最近、胡錦濤主席の勢いが強まっているのでは・・・という話は、7月15日ブログ「中国 指導部交替に向けて、権力基盤を強める胡錦濤国家主席」(http://blog.goo.ne.jp/azianokaze/d/20120715)でも取り上げたところです。

当然ながら、新たに指導部を率いることになる習近平副主席も自身の勢力を確保したいと狙っていますので、胡錦濤、江沢民、習近平の3世代の思惑が入り乱れての「権力闘争の天王山」いうことになります。

****胡派VS習派、主導権争い 北戴河会議 党人事に焦点 「権力闘争の天王山****
中国共産党内の現、元最高幹部らが一堂に集まり、重要人事や政策などについて話し合う非公式会合、北戴河会議が3日から開催されることが分かった。複数の共産党筋が明らかにした。今秋に開かれる党大会で審議される次期指導部人事が最大のテーマとなる。「権力闘争の天王山」といわれる同会議では、各派閥による激しい攻防が繰り広げられそうだ。

共産党筋によれば、今年の北戴河会議は当初、7月末に予定されていたが、人事案などの調整が遅れ、8月第1週の週末にずれ込んだ。河北省の張慶黎党委書記は7月30日に北戴河入りし、警備体制など準備状況を確認した。共産党筋によれば、現役最高指導部である政治局常務委員9人のほか、引退した指導者数十人も参加する同会議では、胡錦濤政権の10年間の外交、内政の総括や次期指導部人事案について話し合われる。党規律部門に身柄拘束されている薄煕来・前重慶市党委書記の処遇も議題になるという。
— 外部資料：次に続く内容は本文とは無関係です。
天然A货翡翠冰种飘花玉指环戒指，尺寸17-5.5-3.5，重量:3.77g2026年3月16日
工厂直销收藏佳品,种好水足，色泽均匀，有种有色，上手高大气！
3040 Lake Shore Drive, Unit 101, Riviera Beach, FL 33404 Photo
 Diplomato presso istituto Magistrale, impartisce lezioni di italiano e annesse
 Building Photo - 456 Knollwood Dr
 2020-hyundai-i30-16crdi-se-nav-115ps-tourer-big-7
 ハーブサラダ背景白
政治局拡大会議と称される全体会議のほか、テーマごとに分かれた複数のグループ会合などが8月中旬まで断続的に開かれる見通しだ。

今年の会議は、胡主席のグループと、江沢民前主席、次期総書記に内定している習近平副主席の連合グループによる主導権争いが最大の焦点だ。胡派は次期指導部での過半数を確保するために、現在9人の政治局常務委員会のメンバーを7人にしたいとしているが、習氏らが反対している。また、党大会で総書記を引退した後も、軍トップである中央軍事委員会主席にしばらく留任したい胡氏を阻止するために、習氏と江氏が連携を強めている。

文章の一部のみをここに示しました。